● Task to complete: Retype every record exactly. Leave the pictures out.

● Records for this task:
══════════

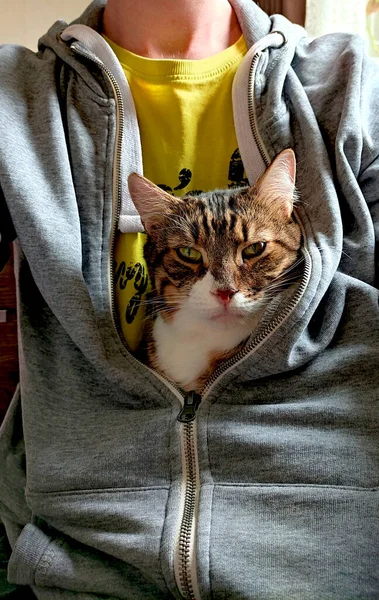 A cat is sitting in the arms of a man in a sweatshirt, a cat is basking in the arms of a young man, a cozy cat in a hoodie, a cat is squinting and warming itself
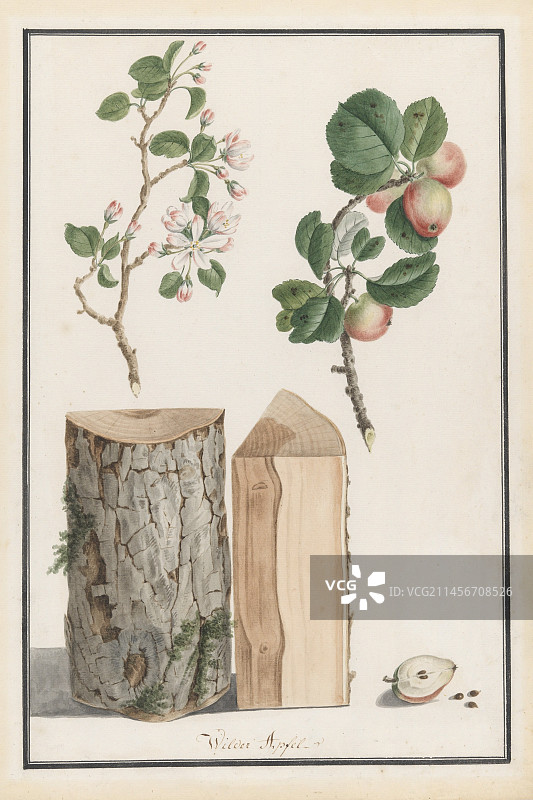 18世纪野生苹果树植物学图图片素材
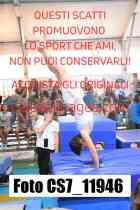 CS7_11946-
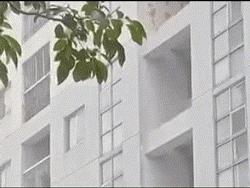 Người đàn ông nhảy từ tầng 5  xuống đất, nhiều người ngỡ ngàng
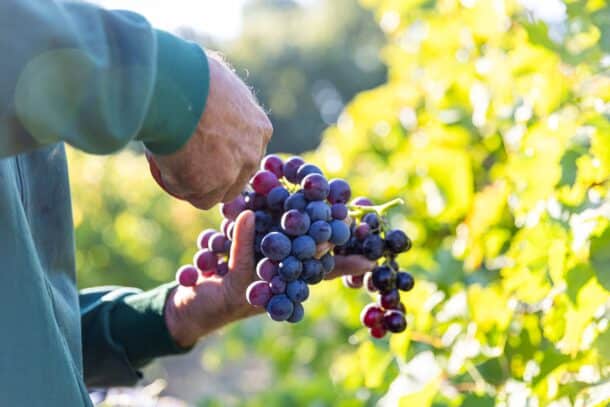 Vignobles en Scène 2025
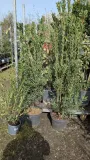 CALLISTEMON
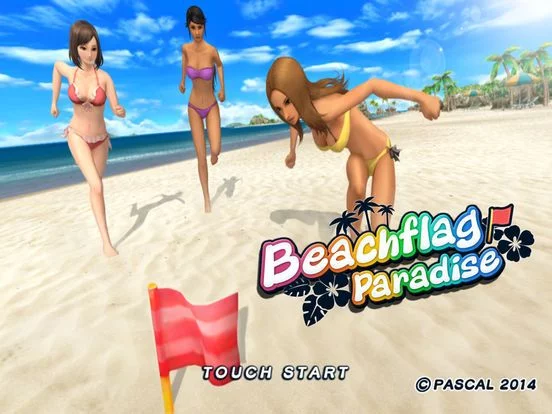 Изображение игры: Beach Flag Paradise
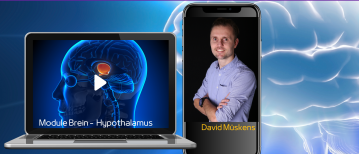 Wat doet de hypothalamus in het brein?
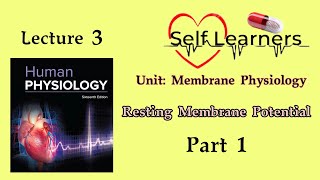 Lecture 3Resting Membrane PotentialMembrane Physiology [upl. by Zaid]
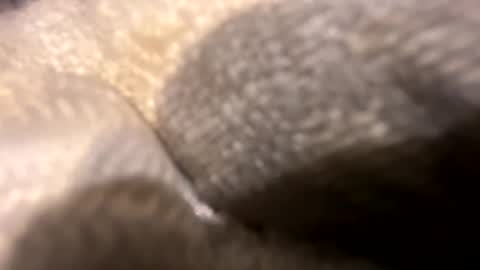 wiley0520 online show from 27, 10, 2025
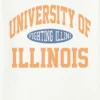 University of Illinois Vintage „Fighting Illini“-Grafik-T-Shirt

══════════

● Written solution:
 A cat is sitting in the arms of a man in a sweatshirt, a cat is basking in the arms of a young man, a cozy cat in a hoodie, a cat is squinting and warming itself
 18世纪野生苹果树植物学图图片素材
 CS7_11946-
 Người đàn ông nhảy từ tầng 5  xuống đất, nhiều người ngỡ ngàng
 Vignobles en Scène 2025
 CALLISTEMON
 Изображение игры: Beach Flag Paradise
 Wat doet de hypothalamus in het brein?
 Lecture 3Resting Membrane PotentialMembrane Physiology [upl. by Zaid]
 wiley0520 online show from 27, 10, 2025
 University of Illinois Vintage „Fighting Illini“-Grafik-T-Shirt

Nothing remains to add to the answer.